[Web page caption snippets]
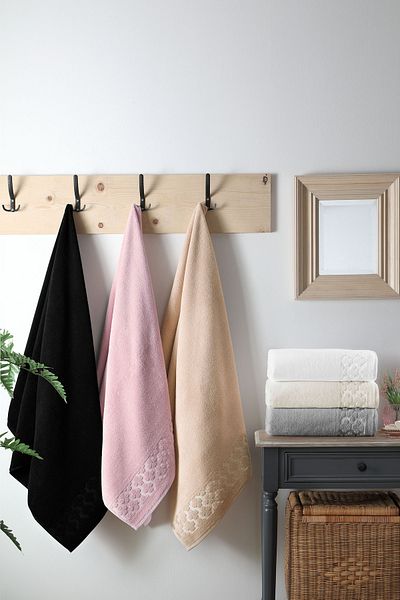 Özdilek Clover Bath Towel 90X140 cm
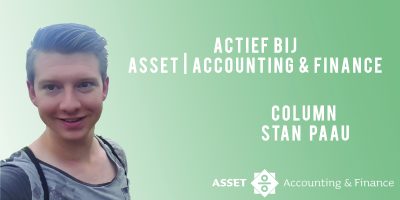 Actief bij Asset | Accounting & Finance – Column Stan Paau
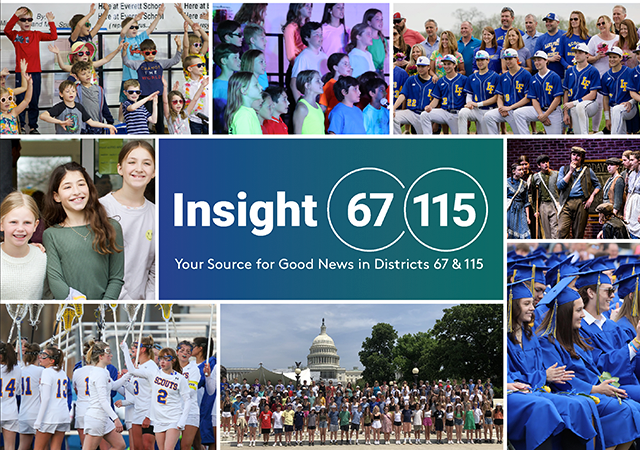  Front cover of Insight community newseltter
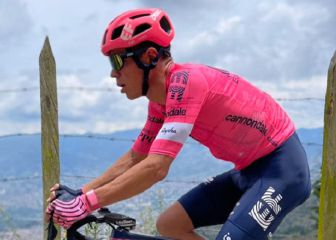 Tour de Francia 2021: dorsales de los ciclistas colombianos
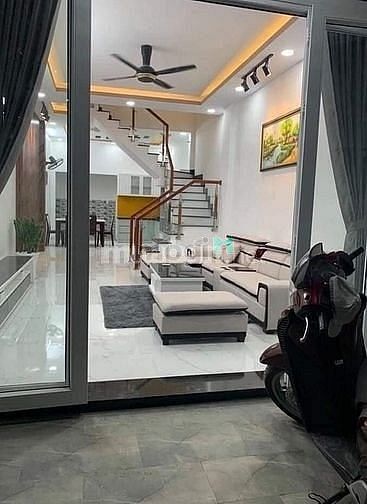 Hình ảnh Nhà đẹp mặt phố gần Aeon Bình Tân-Bx Miền Tây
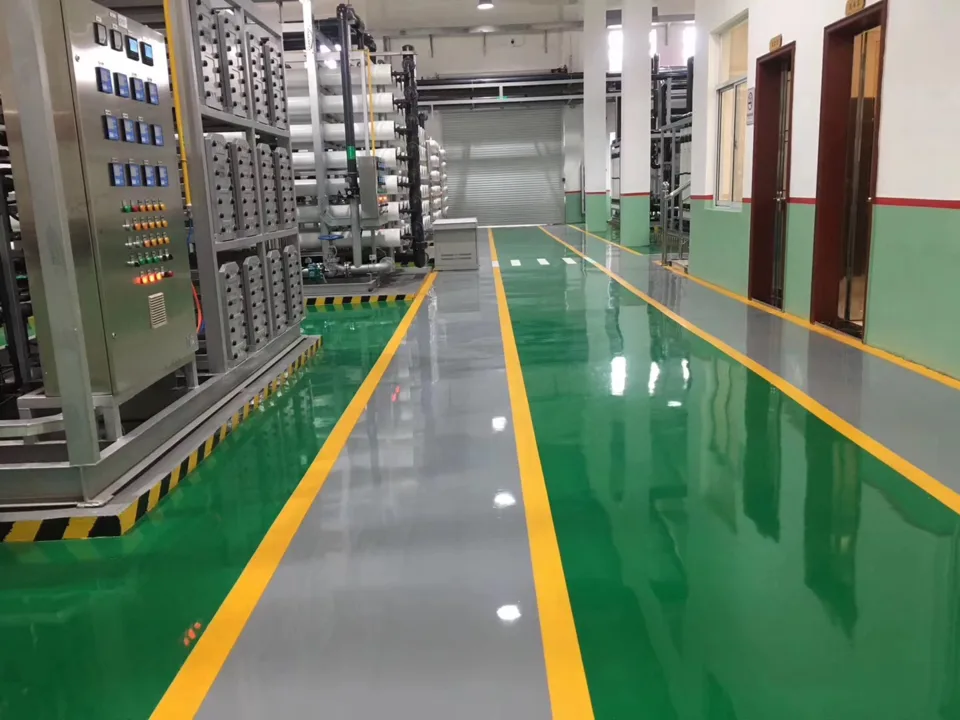 常州环氧地坪施工 找常州中科建筑新材料有限公司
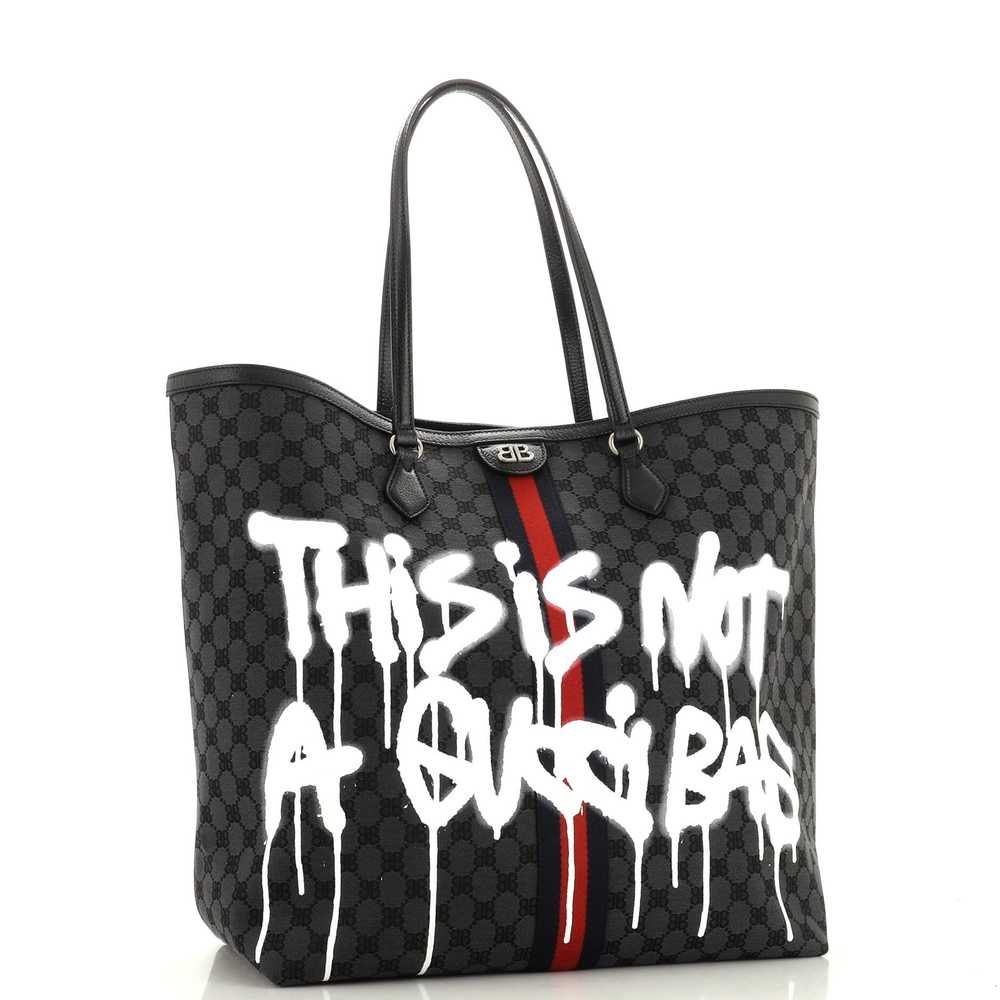 Balenciaga x Gucci The Hacker Project Tote Graffi… - image 2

[Problem requirements]:
In your reply, please set down exactly the lines from the one containing "Front cover of Insight community newseltter" through the end of the records, with the pictures left out.

[Written response]:
  Front cover of Insight community newseltter
 Tour de Francia 2021: dorsales de los ciclistas colombianos
 Hình ảnh Nhà đẹp mặt phố gần Aeon Bình Tân-Bx Miền Tây
 常州环氧地坪施工 找常州中科建筑新材料有限公司
 Balenciaga x Gucci The Hacker Project Tote Graffi… - image 2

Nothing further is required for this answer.